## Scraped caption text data
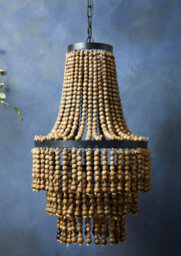 Orsina Rustic Wood Chandelier With Black Iron Frame, Handcrafted Three-Tier Pendant Light, Organic Hanging Light - thumbnail 3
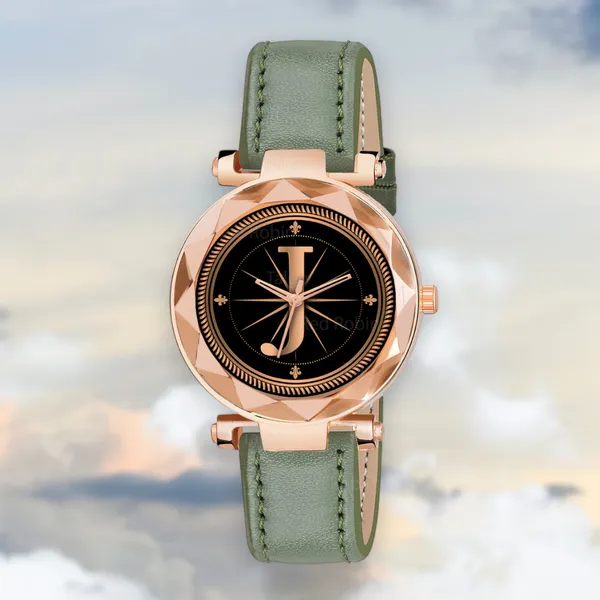 Sky_Mart_Alphabet_J_Classic_Style_Analog_Wrist_Watch_With_Round_Black_Dial_And_Green_Leather_Strap_New_Arrival_For_Women_And_Girls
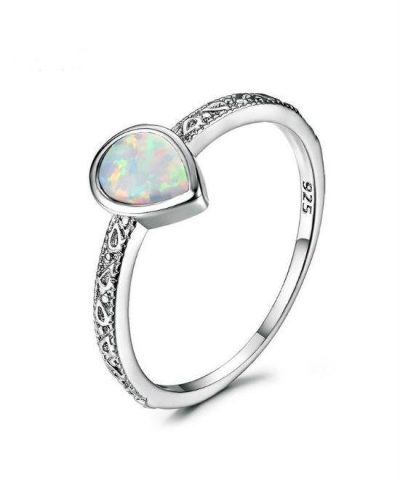 Blaike 925 Sterling Silver Filled Water Drop Fire Opal Rings-20274292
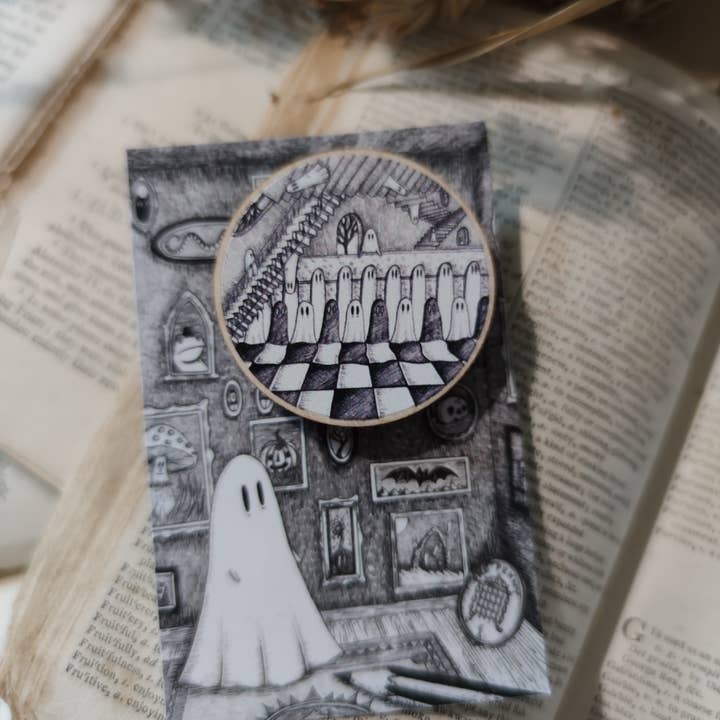 Jon Turner Illustration - Vente Épinglettes/boutons - Badge en bois Escher Ghosties1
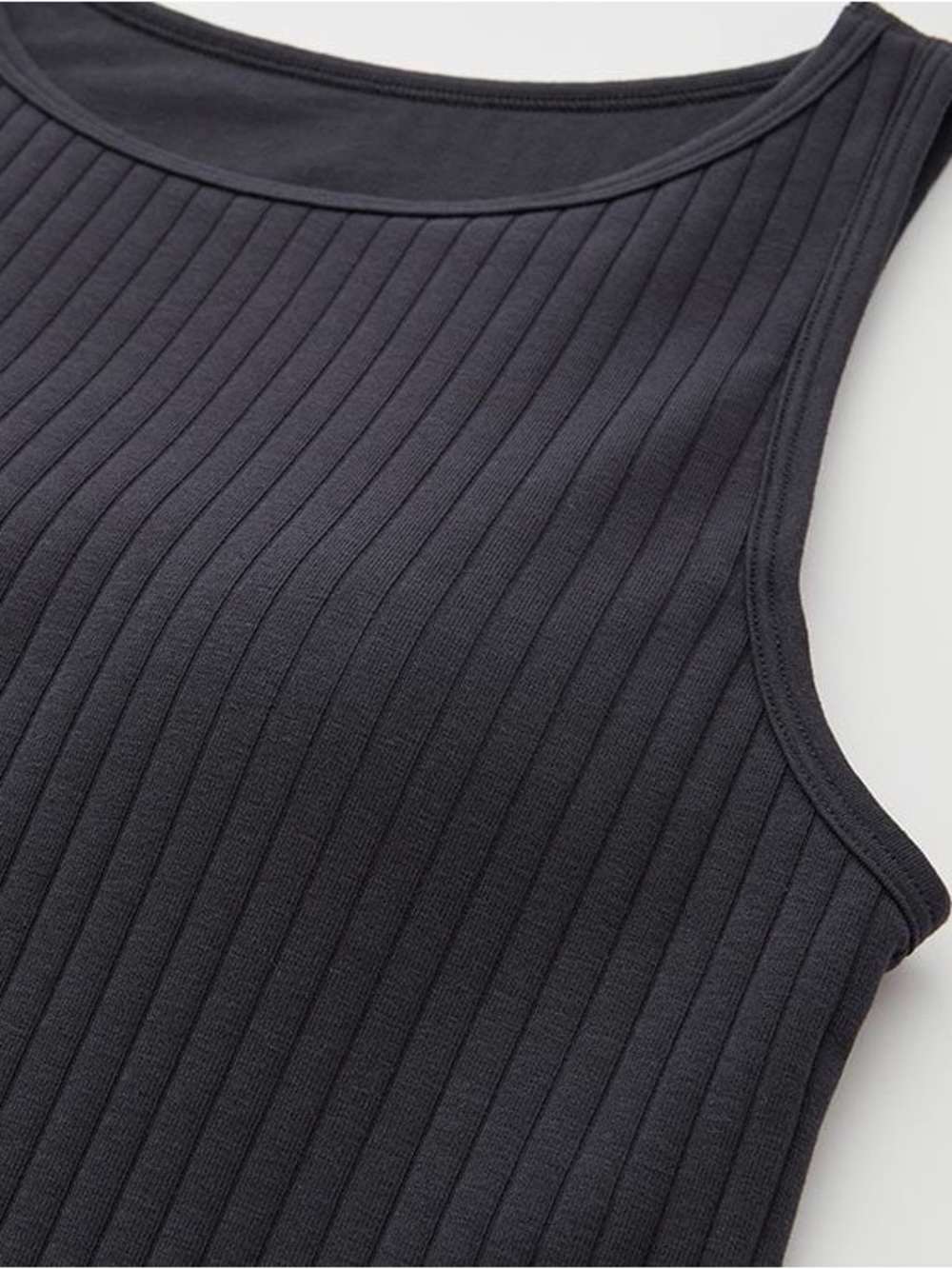Uniqlo Built in Bra Ribbed Tank Top - Dark Grey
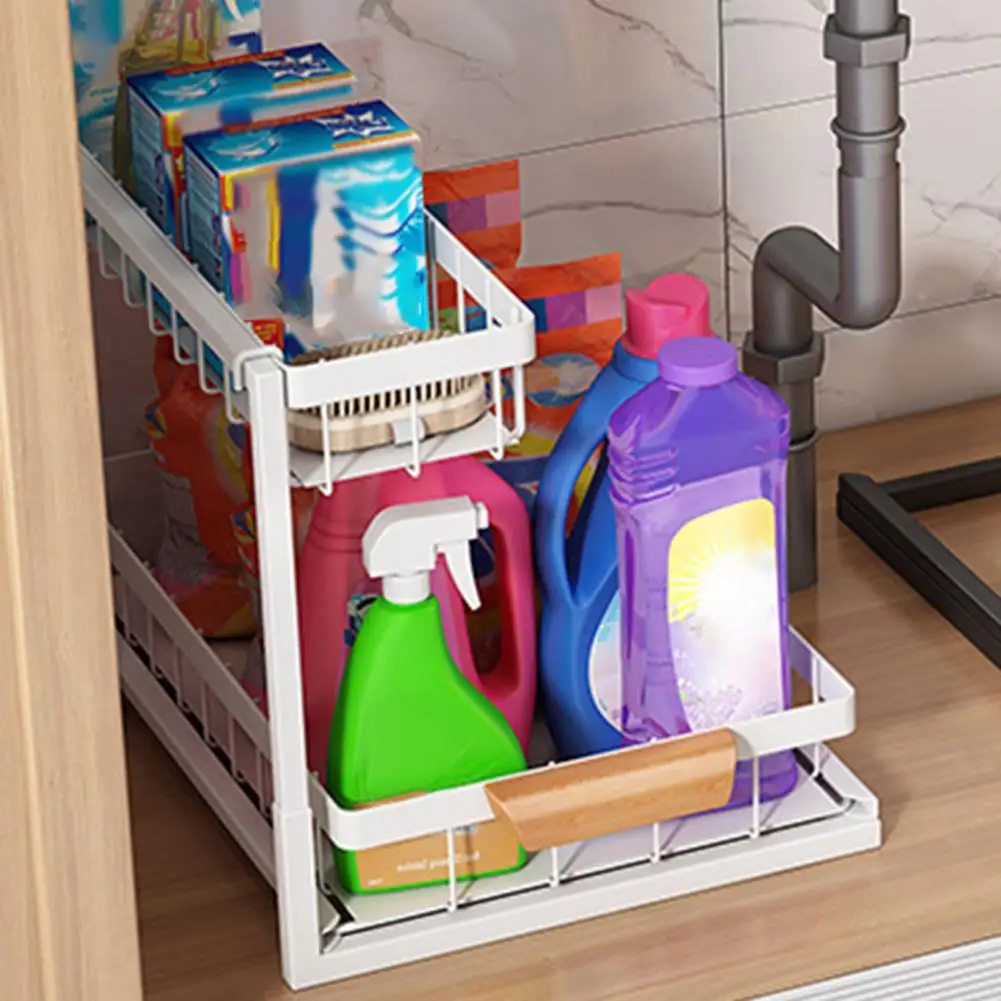 Pull-out Storage Basket Kitchen Shelf Organizer Efficient 2-tier Sliding under Sink Organizer Durable Metal for Kitchen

## Aim of the exercise
Nothing but the lines from the first line of the data above through the line holding "Blaike 925 Sterling" may appear in the response, copied exactly and without pictures.

## Answer to this exercise
 Orsina Rustic Wood Chandelier With Black Iron Frame, Handcrafted Three-Tier Pendant Light, Organic Hanging Light - thumbnail 3
 Sky_Mart_Alphabet_J_Classic_Style_Analog_Wrist_Watch_With_Round_Black_Dial_And_Green_Leather_Strap_New_Arrival_For_Women_And_Girls
 Blaike 925 Sterling Silver Filled Water Drop Fire Opal Rings-20274292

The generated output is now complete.